募る不安『もしもTwitterが無くなったら…』考え得るアニメ界隈への影響
イーロン・マスク氏による昨年10月の買収以降、急な方針転換や仕様変更が頻発し、それに伴う混乱も絶えないTwitter。
先日も、イーロン氏の保有企業との合併により、社名としてのTwitterが無くなったことを受け、一時“Twitter消滅”※がトレンドを賑わせるなど、ユーザー間でも不安が広がっています。
情報の収集や発信、交流の場として、特にその利用が欠かせないアニメファンの間でも、“急に使えなくなったらどうしよう”、“移転先の新たなSNSを探した方がよいのか”と、日々心配する声があがるようになりました。
数あるSNSのひとつでしかないはずのTwitterですが、アニメやアニメファンにとっては現在どのような役割を持ち、万が一これまで通りの利用が出来なくなった場合、どのようなことが起こり得るのでしょうか。
- ※社名としてのTwitterは無くなったが、サービスとしてのTwitterは今も存続中
■アニメやファンにとってのTwitterの役割と位置づけ
アニメ(製/制作側)やアニメファンにとってのTwitterの役割自体は、なにも特殊なものではありません。
上述の通り、主に新しい発表がある際に情報を発信する、その情報を拡散・共有する、ユーザー同士で交流する等があげられ、そうしたやりとりがテレビや雑誌といった他の媒体と比べて、次々と即自的に行われていくのが特徴です。
ではなぜ、他にも様々なSNSがある中で、特にTwitterがアニメやアニメファンに重視されているのかというと、一番の理由は、現状アニメの情報を求める人が最も集結しているSNSであるからだと思います。
つまり、製/制作側にとっては発信した情報を届けたい層に一番届けられる場所として、ファンにとっては欲しい情報を得るにはまずここを押さえておけば間違いない場所として、それぞれ重宝されているのです。
もちろん現在は製/制作側やファンも、Twitterだけでなく、FacebookやTikTok、Instagram等、複数のSNSを運用していることもあります。
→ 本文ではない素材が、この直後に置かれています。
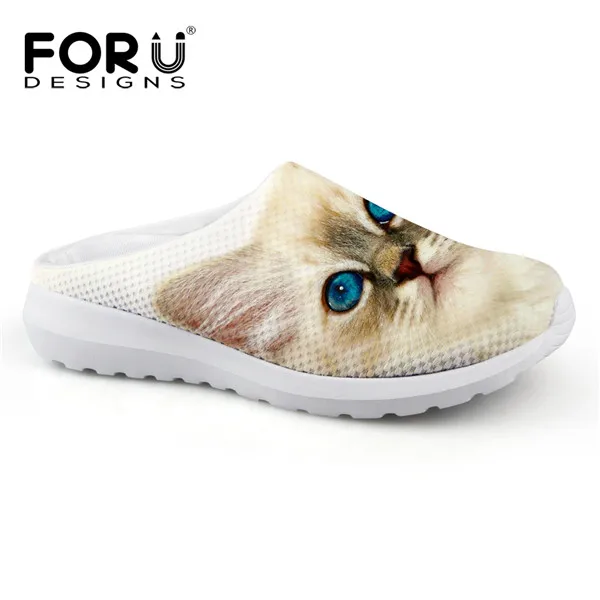 FORUDESIGNS/кошка джинсы с принтом женские босоножки светильник Вес без шнуровки для летнего пляжного отдыха водонепроницаемая обувь женские лоферы из дышащего материала - Цвет: CA4906CA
しかしそうだとしても、運用の主軸はまずTwitterに置かれ、その他のSNSは補足的に使用されていることがほとんどです。
■もしもこれまで通りの利用が出来なくなったら…
ではそんなTwitterが、規約や仕様の変更でこれまで通りの利用が出来ず深刻なユーザー離れが進んだり、万が一、急な運営元の方針転換でサービスが終了してしまったりしたら、アニメ界隈では一体どんなことが起こり得るのでしょうか。
一番に考えられるのは、これまでTwitterでの口コミやトレンド入りなどが大きな後押しとなっていたような、作品ファンの垣根を越えたボトムアップ的な盛り上がりが生じにくくなることです。
今Twitterを使っている製/制作側やファンがそのまま移転するような、新たな主軸となるSNSが登場すれば話は別ですが、そうでなければ、各作品、各ファン単位等でメインとなるSNSは分散してしまうことでしょう。
そうなると、ダイレクトに情報が届く母数はこれまでより少なくなりますし、何よりリツイートなどを通じて、別の作品の情報が作品ファンの垣根を越えて他の作品のファンにまで届くという、偶発的な広がりも生じにくくなってしまいます。
すると、たとえば一昨年の「PUI PUI モルカー」のように、Twitter上でファンアートや考察と共に話題が広がって予想外の盛り上がりを生んだり、「機動戦士ガンダム 水星の魔女」や「金曜ロードショー」のアニメ映画のように、リアルタイム放送時のトレンド入りが作品の盛り上がりをより一層後押ししたり…といったことが難しくなってくることが考えられるのです。
そもそもの話、それだけ今アニメのSNS運用がTwitter一本に集中しすぎていることも憂慮すべき点ではあるのかもしれませんが…実際問題、昨今はそうしたTwitter発の推進力もアニメ界隈全体の盛り上がりには欠かせないものとなってきているので、その環境が瓦解してしまうかもしれないことは、やはり一番の懸念点になってくると思います。
たとえ杞憂に終わるかもしれない心配事だとしても、実際に急なアカウントの凍結や様々な不具合、APIの有料化による外部サービスの仕様変更等が次々と起こっている現状では、利用者の不安が生じてしまうのも無理はありません。
そんな中、一時期話題になったMastodonや新たに生まれたBlueSkyといった、次なるTwitterのポジションを狙うSNSの動きも活性化しています。
そうした状況下で、今後アニメやアニメファンのSNS運用においてはどんな変化が起きていくのか…。引き続き、注視していく必要がありそうです。